Three percent Hydrogen Peroxide may be added at up to 3 ml’s per liter (2 1\2 tsp. per gallon), but it is recommended that you start at a lower concentration and increase to full strength over a few weeks.
For hydroponic applications, use every reservoir change and replace twenty-five percent (one quarter) every day. Example: In a 100L (25gal) reservoir you would add three hundred ml’s (3%) H2O2 when changing the nutrient. You would then add seventy-five ml’s more every day.[Editor’s note: high concentrations of H2o2 can be detrimental to organic additives (such as beneficial additives) and organic nutrient mixtures.]
1.28*G/C= Liquid Oz’s per day
10*L/C= Ml per day
C= % concentration of H2O2
L= Number of liters in reservoir
G= Number of Gallons in reservoir
Example: How much 3% H202 should I add to 7 gallons of nutes?
1.28*7/3=2.986 Oz’s each day.
Where to get it
35% food grade is called “food grade” because it has no toxic impurities. Of course your local hydroponics retailer or web stores have it (there may be shipping restrictions on high strength peroxides).
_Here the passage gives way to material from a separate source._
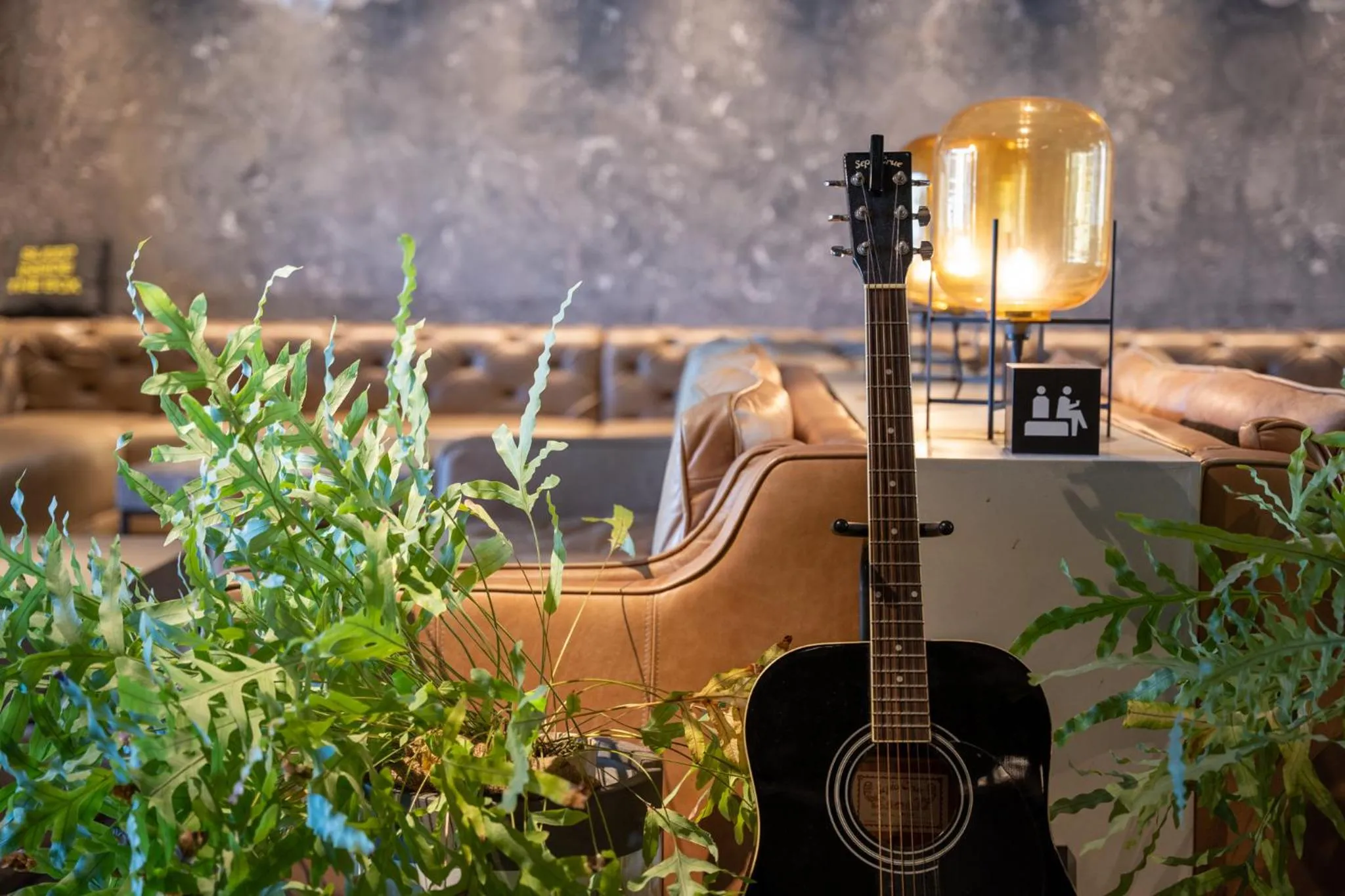 Communal lounge/ TV room in The Millennials Kyoto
The local feed supplier may have it in small towns. Prices range from fifteen dollars per quarter liter to eighty dollars a gallon. One gallon will treat up to fifty thousand liters of water.
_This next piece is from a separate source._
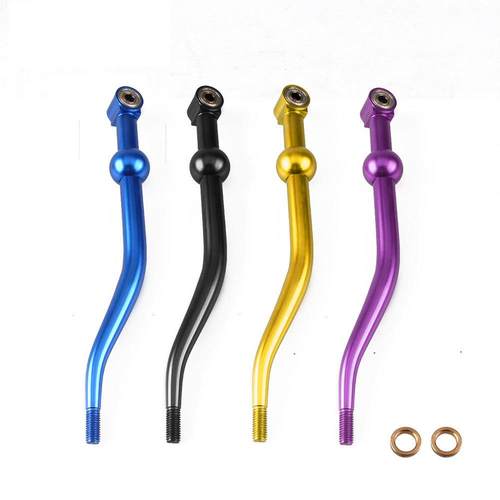 AY跨境汽车改装 赛车改装件 铝合金单弯排挡杆适用于本田车系aZ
3%5%, 8% Can be found at most drugstores or pharmacies, prices start at a less than a dollar for a one hundred-ml bottle that will treat one hundred liters.
What to do if you already have root rot
Use peroxide water with an anti-fungicide and a high Phosphate fertilizer (9-45-15, 10-52-10, 0-60-0) for additional root growth. Or any other product with rooting hormone dissolved in it is helpful in re-growing roots and is strongly recommended. Water heavily until liquid pours out the bottom of the pot – this method helps flush out stagnant dead water and replaces it with fresh highly oxygenated water. Don’t let plants sit in trays full of water, the soil will absorb this water and stay too wet. Don’t water again until the pot feels light and the top inch or two of the soil are dry.
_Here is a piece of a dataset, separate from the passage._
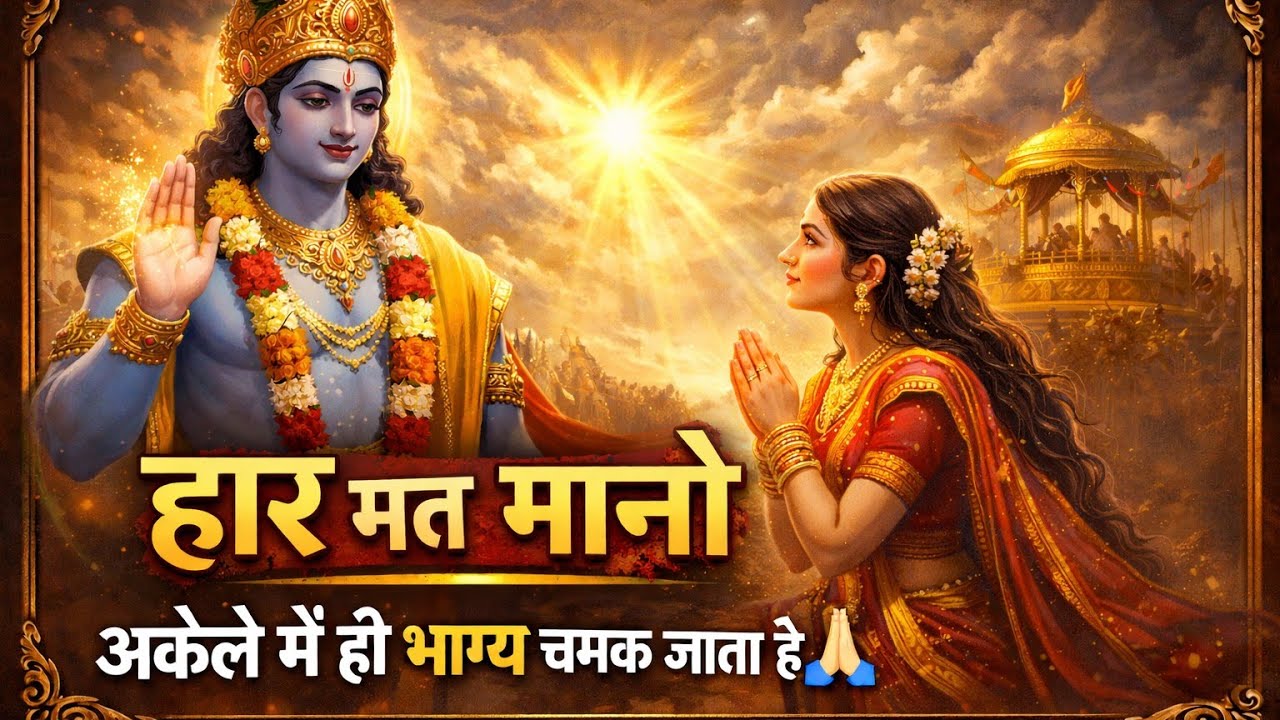 हार मत मानो अकेले में ही भाग्य चमक जाता है🙏| Krishna Geeta Saar🙏🏻🙏🏻🙏🏻🙏🏻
Change your nutrients. Add H2O2 to the system. This will add oxygen and chemically eat dead roots. If roots are badly rotted and can be pulled away by hand, you should cut them off. They are already dead and will only rot, causing further problems. Add a fungicide to kill any fungus that is probably present in the rotted tissue to prevent it from spreading. Increase aeration of the reservoir – add air pumps and stones. An air stone under every plant is usually very effective, but will require a larger air pump. Decrease the reservoir temperature, oxygen dissolves better in cold water and disease causing organisms reproduce slower as well. A good temperate range is 62F to 65F; anything above 70F will eventually cause a problem. It is also a good idea to remove any wilting plants from the system and put them on a separate reservoir so they don’t infect plants that are still healthy.
The key to productive plants is a healthy root system; Hydrogen Peroxide is a great way to keep your roots healthy. It is a must to ensure the biggest best crops possible and to increase the chances of your plants thriving to harvest. Peroxide users will rarely lose plants or crops to root disease and will harvest larger and more consistent crops.